■ WHAT THE TASK ASKS:
Below are records with pictures. Transcribe exactly, and only, the lines from the line with "Sunny 1-Room Apartment" to the line with "Pinko Cropped-Hose mit Logo-Patch", both ends included, but not the pictures.

■ INPUT DATA:
▶

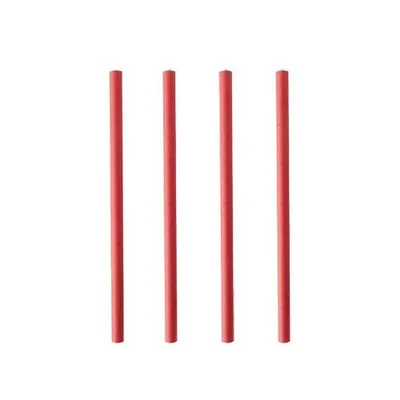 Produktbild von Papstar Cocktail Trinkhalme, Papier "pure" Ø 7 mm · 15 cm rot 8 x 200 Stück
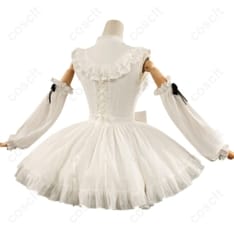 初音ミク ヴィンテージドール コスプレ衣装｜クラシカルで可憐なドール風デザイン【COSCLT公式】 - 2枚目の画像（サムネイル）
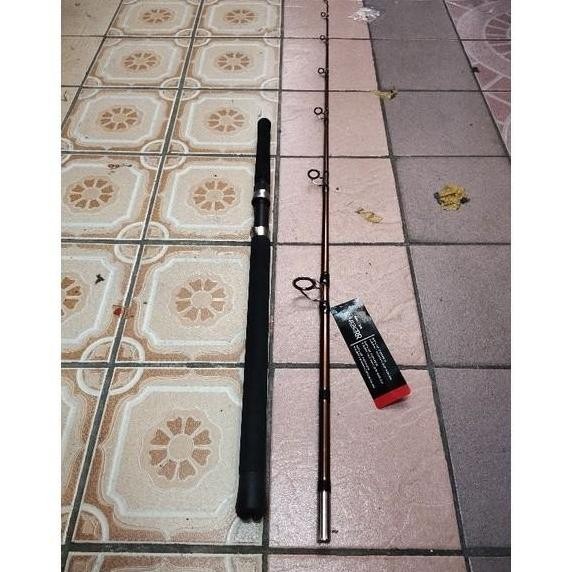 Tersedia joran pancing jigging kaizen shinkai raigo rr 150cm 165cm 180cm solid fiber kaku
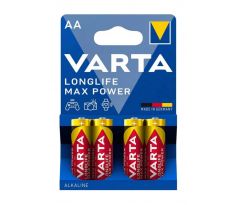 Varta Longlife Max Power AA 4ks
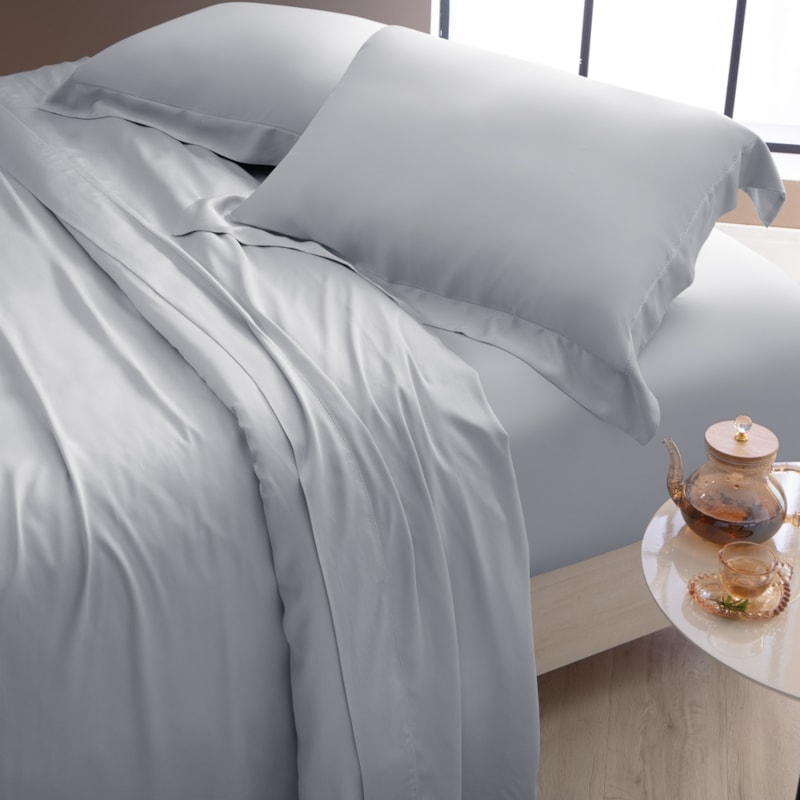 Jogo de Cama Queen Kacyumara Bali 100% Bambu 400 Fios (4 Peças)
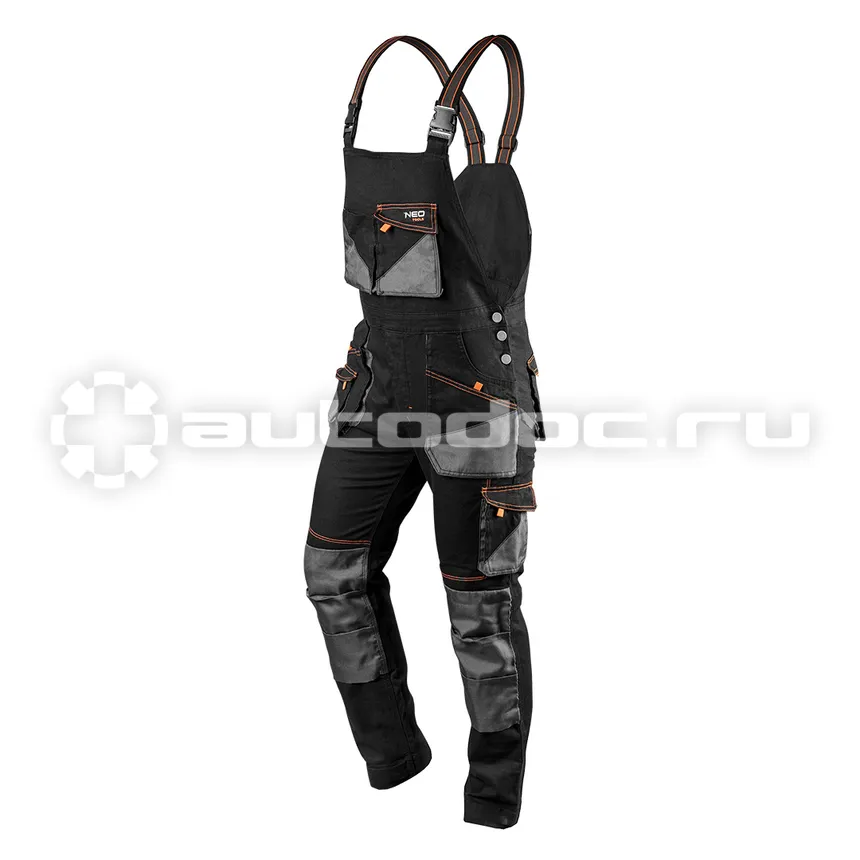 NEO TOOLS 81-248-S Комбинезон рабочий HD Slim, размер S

◀
▶

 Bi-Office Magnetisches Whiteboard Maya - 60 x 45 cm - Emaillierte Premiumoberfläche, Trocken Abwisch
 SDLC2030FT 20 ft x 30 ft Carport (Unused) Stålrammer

◀
▶

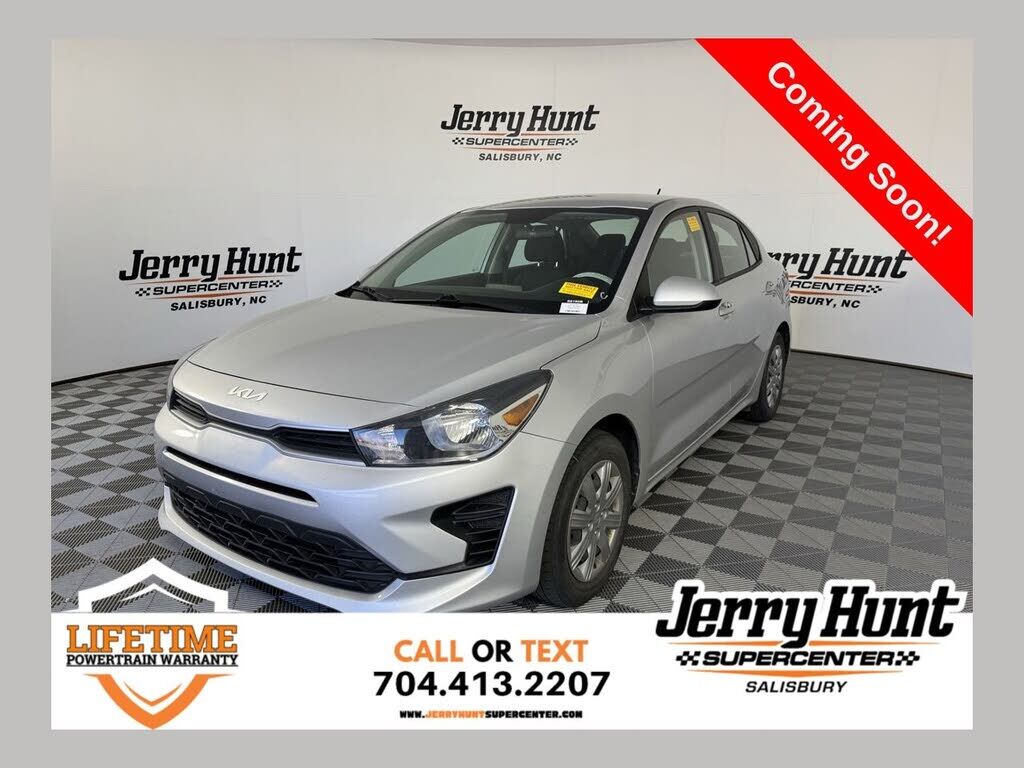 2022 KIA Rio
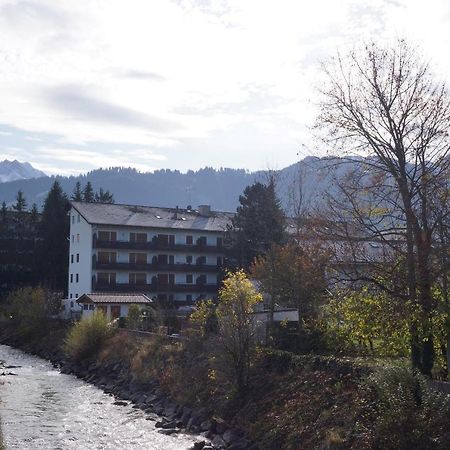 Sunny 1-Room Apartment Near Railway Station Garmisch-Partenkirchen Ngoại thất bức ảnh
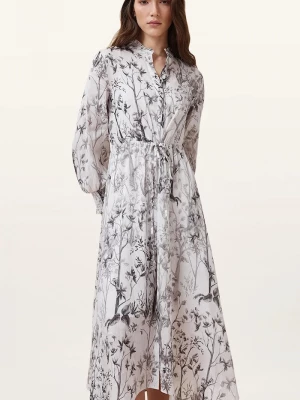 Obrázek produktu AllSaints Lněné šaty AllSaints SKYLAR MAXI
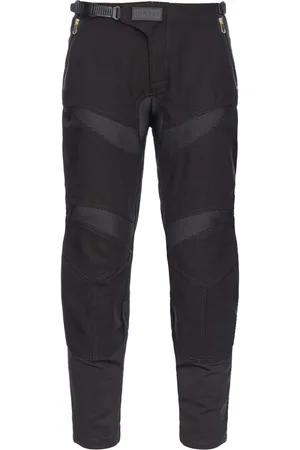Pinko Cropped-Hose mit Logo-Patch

◀

■ OUTPUT OF THE TASK:
 Sunny 1-Room Apartment Near Railway Station Garmisch-Partenkirchen Ngoại thất bức ảnh
 Obrázek produktu AllSaints Lněné šaty AllSaints SKYLAR MAXI
Pinko Cropped-Hose mit Logo-Patch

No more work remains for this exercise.